Edit: Before or after reading my version, go read what Marco and Alberto have to say on the subject. I find it confusing… so two views are probably better than one: http://www.sqlbi.com/articles/autoexist-and-normalization/
Hierarchical. Just saying that makes me feel smart; though, I’m not super sure I spelled it right.
Here, I am not talking about the feature that let’s you group a set of columns such that you can drop them all into a pivot table as one set. So far as I can tell, that is just some UI candy.
I am talking about any situation where your data actually is in a hierarchy. eg: Location (Country –> State –> City) or Products (Category –> SubCategory), etc.
Frequently, I start one of the blog entries… realize I don’t know what the hell I am talking about, then go figure it out, and pretend I always knew it. This time is different, in that I am skipping everything but the first step…
Simple Sample
So, I searched around for city populations in the States and found this one: http://www.infoplease.com/ipa/A0763098.html and simply dropped that URL into Power Query to pull in the data… which is still fun and neato, if you ask me. It’s the populations for the 50 largest cities in the U.S.
I wrote a simple measure because I couldn’t help myself: Total Pop := SUM(Population[Estimate])
Drag State and City onto rows, and drop Total Pop onto values and we get the simple pivot table, which looks exactly like we expected. And might I just say that NY, NY is REALLY populated
Now, here is my question.
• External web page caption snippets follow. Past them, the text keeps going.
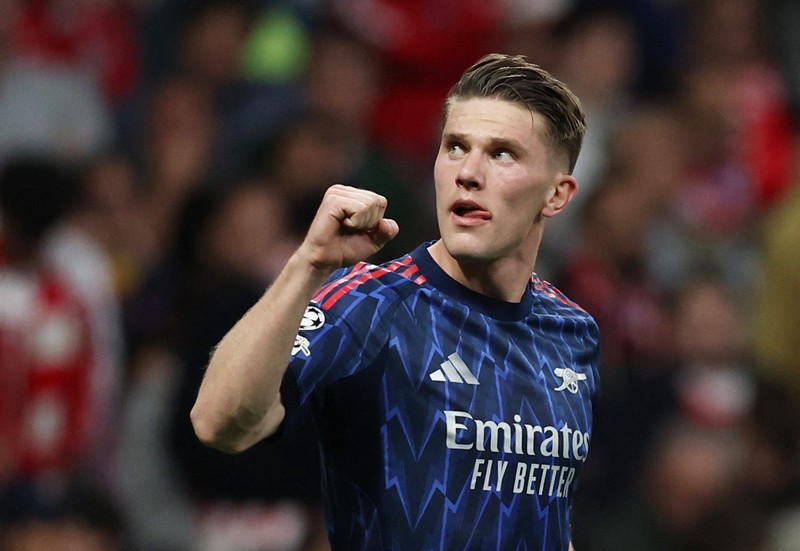 Declan Rice dari Arsenal terlihat usai pertandingan melawan Atletico Madrid pada leg pertama semifinal Liga Champions UEFA di Riyadh Air Metropolitano, Rabu (29/4/2026). (REUTERS/Violeta Santos Moura)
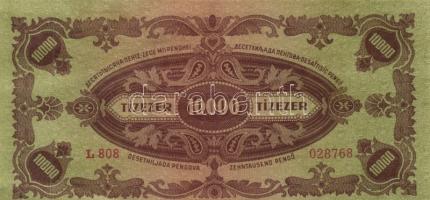 1945. 10.00P lemezhiba a bélyeg "B" betűjénél T:I-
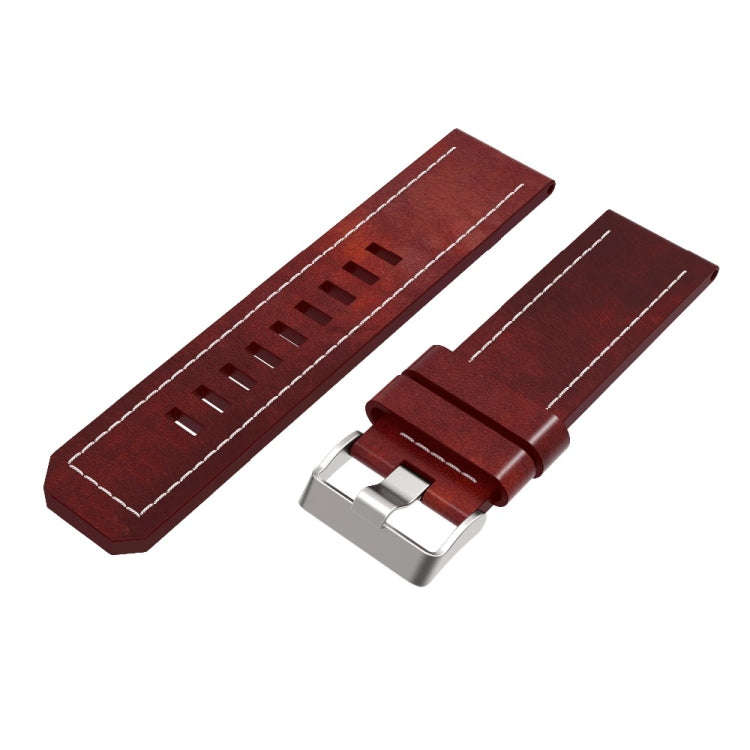 For Garmin Fenix 5X (With sewing thread) Quick-release Leather Watch Band(Brown)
We know that Excel will magically hide rows that result in all BLANK() values… so, did it try to evaluate Portland, Texas? (And while some may think I just mean “Austin”… no silly, I mean… is it trying to evaluate every city with every state!?)
Under Pivot Table Options, you can go flip the checkbox that hides empty rows. Or, you can do something goofy, like I did… and create this AWESOME MEASURE: [One] := 1 Which ya know… returns a 1. Always. So, if there was an evaluation AT ALL, it will show up. And as you can see at right… we are only seeing evaluations that “make sense”. Hurray! Efficient!
Hierarchies and Lookup Tables
Okay, minor change. We are going to create a States lookup table. I’m not even going to bother doing anything interesting with it… just match up state name to state name and call it a day. And we are going to see if it has any impact on our lives when we use that lookup column in our pivot table.
Any guesses?
First, let’s just recognize that the results will be fine. And the default behavior of the pivot table will show what you expect. But when we include our cute [One] measure to force all evaluated rows to show up… indeed, we get different results than our previous pivot table.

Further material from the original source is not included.